There’s no imminent movement in the stalemate over D.C. and Puerto Rico, but there are some signs it won’t last forever. Political momentum behind statehood for Puerto Rico has grown, particularly following the Trump administration’s indifferent response to the devastation of Hurricane Maria. (Results of the last referendum held on the question in 2017 were a little ambiguous, with opponents of statehood boycotting over the question’s wording.)
D.C. voters overwhelmingly backed statehood in a 2016 referendum. The District’s nonvoting congressional delegate, Eleanor Holmes Norton, introduces a statehood bill every year, but this year it boasts 219 co-sponsors in the House—all Democrats.
Statehood proponents point out that the district has a larger population—more than 700,000—than Wyoming and Vermont, yet its residents are denied full representation in Congress, an update of Gruening’s exhortation that “We suffer taxation without representation, which is no less ‘tyranny’ in 1955 than it was in 1775.” In D.C.’s case, as Connolly noted, it’s hard to ignore the fact that representation is being denied to a majority-minority population that’s 47 percent black.
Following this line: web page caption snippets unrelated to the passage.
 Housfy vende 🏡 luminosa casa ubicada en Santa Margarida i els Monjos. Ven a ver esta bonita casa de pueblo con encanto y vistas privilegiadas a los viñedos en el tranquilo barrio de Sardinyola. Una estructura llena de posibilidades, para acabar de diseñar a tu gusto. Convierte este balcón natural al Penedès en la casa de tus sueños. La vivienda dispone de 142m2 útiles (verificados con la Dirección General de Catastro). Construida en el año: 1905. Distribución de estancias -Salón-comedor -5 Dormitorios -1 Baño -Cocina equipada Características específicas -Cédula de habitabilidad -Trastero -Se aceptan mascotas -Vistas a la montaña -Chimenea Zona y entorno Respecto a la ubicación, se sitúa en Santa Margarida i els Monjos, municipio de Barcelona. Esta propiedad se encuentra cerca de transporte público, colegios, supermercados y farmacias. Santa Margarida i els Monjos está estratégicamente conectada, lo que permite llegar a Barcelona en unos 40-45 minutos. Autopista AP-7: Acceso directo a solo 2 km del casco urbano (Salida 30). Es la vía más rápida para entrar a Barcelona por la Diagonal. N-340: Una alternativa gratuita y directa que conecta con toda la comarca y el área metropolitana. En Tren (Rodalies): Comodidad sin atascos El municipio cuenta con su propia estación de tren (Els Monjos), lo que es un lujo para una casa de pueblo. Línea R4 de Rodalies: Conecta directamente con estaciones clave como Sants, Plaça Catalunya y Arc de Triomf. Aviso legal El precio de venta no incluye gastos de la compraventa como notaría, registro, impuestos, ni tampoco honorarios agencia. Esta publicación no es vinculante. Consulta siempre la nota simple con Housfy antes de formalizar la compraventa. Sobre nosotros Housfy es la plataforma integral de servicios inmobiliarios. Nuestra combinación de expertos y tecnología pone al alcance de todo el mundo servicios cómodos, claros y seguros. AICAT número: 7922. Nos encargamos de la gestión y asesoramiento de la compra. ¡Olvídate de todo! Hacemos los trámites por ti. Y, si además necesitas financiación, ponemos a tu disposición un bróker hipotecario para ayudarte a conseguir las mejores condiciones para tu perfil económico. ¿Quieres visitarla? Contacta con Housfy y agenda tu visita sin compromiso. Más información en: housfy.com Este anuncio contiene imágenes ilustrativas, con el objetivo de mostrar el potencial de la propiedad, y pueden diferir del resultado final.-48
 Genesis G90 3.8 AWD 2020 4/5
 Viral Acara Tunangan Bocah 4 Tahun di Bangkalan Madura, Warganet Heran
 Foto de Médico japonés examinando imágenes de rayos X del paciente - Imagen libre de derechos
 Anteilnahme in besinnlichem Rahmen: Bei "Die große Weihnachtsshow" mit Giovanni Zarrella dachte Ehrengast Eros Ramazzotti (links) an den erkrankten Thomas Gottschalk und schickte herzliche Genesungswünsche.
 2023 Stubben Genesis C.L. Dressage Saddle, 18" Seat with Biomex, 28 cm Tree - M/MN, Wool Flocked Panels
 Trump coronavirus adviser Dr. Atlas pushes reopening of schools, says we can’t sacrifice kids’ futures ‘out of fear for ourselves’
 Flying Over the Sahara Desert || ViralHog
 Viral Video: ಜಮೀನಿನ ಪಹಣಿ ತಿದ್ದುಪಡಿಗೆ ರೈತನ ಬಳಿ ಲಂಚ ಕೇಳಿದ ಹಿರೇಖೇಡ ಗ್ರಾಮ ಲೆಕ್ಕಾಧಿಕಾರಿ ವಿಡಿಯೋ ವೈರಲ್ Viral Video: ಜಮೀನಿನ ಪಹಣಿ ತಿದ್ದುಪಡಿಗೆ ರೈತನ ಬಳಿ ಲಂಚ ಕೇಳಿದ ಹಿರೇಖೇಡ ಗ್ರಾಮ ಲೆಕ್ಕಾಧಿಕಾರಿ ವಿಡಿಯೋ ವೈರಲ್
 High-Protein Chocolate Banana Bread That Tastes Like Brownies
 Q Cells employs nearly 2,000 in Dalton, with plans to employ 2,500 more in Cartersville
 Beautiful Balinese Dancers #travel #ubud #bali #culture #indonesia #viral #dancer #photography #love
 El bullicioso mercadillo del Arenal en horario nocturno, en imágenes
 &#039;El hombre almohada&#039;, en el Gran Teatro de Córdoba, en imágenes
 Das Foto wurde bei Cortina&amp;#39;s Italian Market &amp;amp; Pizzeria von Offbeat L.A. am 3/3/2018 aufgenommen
Listen to Christina Cauterucci interview activist Wade Henderson about the D.C. statehood movement on What Next.
Still, Democrats would need sweeping majorities in Congress in order to approve legislation that would effectively add four new Democratic senators. Unlike with Hawaii and Alaska, there is no clear political counterweight to D.C. and Puerto Rico.
Today, America is a rapidly urbanizing country with a political system that still awards disproportionate legislative and electoral power to rural voters. Where better to have a conversation about that issue than in a debate over the status of a city whose 700,000 residents are denied full citizenship rights because of where they live? It’s also an increasingly racially and linguistically diverse country led by a president devoted to preserving a narrow, racist vision of Americanness. Where better to have a conversation about that than in a debate over the status of a Spanish-speaking island subject to a history of marginalization, imperialism, and official racism?
The American frontier may be closed, but there are still citizens awaiting admission. And there are still conversations America needs to have about itself.